**TRY IT**
Exactly as written, copy the lines that run from the start of the data below to the line containing "Mangiameli Borsa Marrone in", both ends included.

### EXTRACTED DATA ###

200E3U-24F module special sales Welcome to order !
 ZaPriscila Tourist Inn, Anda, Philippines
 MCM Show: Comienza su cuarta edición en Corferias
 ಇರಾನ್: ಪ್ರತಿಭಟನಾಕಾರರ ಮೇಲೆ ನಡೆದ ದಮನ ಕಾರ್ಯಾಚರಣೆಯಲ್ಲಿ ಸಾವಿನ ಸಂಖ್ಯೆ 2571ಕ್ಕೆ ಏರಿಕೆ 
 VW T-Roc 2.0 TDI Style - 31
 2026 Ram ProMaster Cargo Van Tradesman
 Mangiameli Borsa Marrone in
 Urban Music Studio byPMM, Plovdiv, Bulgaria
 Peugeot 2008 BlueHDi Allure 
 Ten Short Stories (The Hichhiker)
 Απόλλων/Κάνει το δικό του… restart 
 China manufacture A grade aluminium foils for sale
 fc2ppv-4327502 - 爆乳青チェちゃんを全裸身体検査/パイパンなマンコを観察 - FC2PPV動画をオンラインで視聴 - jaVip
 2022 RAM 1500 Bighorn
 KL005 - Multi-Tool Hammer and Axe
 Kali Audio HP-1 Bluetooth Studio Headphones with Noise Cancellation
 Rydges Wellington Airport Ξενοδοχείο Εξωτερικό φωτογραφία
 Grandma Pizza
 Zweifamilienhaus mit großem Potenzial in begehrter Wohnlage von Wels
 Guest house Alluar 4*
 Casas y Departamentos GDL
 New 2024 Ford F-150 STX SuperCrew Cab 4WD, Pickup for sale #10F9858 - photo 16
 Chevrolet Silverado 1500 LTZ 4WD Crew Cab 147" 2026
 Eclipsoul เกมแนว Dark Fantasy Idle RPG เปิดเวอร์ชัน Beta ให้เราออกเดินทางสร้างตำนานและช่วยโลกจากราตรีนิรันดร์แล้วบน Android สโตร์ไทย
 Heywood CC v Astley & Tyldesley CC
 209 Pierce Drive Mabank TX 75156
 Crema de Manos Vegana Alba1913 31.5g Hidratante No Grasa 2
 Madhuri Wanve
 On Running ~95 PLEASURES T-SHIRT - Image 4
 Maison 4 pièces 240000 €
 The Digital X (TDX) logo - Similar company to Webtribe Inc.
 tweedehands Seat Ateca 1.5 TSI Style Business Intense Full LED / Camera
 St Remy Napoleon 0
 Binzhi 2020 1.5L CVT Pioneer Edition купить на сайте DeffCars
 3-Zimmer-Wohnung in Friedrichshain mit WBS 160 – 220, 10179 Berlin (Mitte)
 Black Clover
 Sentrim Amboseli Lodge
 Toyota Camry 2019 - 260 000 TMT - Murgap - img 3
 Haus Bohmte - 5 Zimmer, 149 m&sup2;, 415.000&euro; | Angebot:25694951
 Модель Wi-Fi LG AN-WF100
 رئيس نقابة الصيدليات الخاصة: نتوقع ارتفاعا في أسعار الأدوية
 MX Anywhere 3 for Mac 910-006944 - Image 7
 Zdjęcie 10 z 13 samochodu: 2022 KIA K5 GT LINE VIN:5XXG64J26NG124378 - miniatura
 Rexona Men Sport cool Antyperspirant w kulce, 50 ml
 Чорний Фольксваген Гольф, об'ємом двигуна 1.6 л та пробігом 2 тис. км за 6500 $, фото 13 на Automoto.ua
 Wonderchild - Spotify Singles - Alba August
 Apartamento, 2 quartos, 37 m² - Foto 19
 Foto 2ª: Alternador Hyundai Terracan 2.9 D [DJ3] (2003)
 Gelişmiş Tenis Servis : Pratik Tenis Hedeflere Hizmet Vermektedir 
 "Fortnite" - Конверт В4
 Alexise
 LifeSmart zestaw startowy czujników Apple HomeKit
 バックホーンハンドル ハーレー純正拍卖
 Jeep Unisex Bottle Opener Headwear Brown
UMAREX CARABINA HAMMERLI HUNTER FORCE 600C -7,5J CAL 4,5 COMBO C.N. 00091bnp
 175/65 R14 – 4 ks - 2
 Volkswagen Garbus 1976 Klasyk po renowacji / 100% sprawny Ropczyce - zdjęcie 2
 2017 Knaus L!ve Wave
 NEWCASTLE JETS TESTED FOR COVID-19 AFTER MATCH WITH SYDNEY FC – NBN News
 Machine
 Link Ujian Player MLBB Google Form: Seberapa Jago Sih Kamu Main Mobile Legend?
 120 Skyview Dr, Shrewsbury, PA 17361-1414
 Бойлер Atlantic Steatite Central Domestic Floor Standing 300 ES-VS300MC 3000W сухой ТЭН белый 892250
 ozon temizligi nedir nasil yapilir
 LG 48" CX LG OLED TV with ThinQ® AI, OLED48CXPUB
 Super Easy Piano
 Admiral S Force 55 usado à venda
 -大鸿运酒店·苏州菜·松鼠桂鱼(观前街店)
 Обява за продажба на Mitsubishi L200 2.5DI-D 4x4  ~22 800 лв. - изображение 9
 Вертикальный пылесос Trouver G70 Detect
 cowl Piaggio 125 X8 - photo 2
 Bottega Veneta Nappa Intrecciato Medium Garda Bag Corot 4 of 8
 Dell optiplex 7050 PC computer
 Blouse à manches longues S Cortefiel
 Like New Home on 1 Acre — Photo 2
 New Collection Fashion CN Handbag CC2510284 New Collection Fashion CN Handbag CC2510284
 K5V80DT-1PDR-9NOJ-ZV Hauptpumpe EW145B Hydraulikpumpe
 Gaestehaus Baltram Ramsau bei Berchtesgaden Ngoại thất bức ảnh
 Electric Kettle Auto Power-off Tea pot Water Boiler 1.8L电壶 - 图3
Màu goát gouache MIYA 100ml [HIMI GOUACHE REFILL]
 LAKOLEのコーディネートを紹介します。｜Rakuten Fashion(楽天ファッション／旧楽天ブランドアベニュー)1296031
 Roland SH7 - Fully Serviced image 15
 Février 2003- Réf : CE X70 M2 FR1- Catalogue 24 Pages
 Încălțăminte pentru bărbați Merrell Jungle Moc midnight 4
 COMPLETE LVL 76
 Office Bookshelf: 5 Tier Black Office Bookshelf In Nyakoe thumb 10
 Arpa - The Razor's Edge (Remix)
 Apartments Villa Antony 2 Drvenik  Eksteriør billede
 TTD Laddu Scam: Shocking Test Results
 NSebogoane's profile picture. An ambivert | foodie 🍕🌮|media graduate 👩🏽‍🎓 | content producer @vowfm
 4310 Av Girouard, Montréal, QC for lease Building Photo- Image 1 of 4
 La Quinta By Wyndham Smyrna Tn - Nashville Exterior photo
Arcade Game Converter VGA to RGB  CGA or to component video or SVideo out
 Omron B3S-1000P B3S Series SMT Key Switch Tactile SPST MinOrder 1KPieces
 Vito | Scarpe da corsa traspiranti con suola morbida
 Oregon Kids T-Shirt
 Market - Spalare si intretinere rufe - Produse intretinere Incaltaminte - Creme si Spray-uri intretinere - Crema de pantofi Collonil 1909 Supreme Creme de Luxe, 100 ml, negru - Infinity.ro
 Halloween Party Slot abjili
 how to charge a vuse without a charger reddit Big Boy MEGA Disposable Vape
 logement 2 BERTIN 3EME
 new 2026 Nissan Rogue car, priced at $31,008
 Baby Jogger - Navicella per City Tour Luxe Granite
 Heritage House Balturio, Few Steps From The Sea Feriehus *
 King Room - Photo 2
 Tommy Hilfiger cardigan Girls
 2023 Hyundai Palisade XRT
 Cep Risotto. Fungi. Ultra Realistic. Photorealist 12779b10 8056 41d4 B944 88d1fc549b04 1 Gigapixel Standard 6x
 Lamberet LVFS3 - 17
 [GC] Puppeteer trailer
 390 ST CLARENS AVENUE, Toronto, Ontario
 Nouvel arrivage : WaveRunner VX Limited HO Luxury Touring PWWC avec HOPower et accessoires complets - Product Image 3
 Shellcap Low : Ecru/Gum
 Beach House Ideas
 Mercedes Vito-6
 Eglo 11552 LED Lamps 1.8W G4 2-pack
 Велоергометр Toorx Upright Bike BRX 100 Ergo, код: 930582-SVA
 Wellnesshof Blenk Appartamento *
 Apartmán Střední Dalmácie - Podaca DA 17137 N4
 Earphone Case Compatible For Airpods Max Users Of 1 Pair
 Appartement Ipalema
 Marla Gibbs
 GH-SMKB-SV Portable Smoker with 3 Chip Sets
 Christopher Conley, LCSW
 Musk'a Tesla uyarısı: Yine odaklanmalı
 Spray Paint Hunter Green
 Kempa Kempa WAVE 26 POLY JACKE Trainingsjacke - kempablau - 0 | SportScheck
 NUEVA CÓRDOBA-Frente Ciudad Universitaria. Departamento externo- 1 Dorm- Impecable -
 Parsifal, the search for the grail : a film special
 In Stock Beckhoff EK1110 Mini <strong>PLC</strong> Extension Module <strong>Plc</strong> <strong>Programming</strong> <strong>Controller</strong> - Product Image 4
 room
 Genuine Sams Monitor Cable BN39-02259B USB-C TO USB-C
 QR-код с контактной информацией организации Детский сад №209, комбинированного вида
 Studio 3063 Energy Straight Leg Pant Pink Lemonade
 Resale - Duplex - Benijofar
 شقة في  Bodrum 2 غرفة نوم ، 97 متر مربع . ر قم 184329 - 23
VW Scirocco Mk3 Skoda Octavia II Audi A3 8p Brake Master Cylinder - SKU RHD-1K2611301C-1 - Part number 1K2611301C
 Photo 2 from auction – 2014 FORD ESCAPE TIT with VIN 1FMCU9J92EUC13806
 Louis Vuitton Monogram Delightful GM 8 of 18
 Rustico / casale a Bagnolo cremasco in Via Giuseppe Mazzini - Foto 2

###

**RESULT OF THE TASK**
200E3U-24F module special sales Welcome to order !
 ZaPriscila Tourist Inn, Anda, Philippines
 MCM Show: Comienza su cuarta edición en Corferias
 ಇರಾನ್: ಪ್ರತಿಭಟನಾಕಾರರ ಮೇಲೆ ನಡೆದ ದಮನ ಕಾರ್ಯಾಚರಣೆಯಲ್ಲಿ ಸಾವಿನ ಸಂಖ್ಯೆ 2571ಕ್ಕೆ ಏರಿಕೆ 
 VW T-Roc 2.0 TDI Style - 31
 2026 Ram ProMaster Cargo Van Tradesman
 Mangiameli Borsa Marrone in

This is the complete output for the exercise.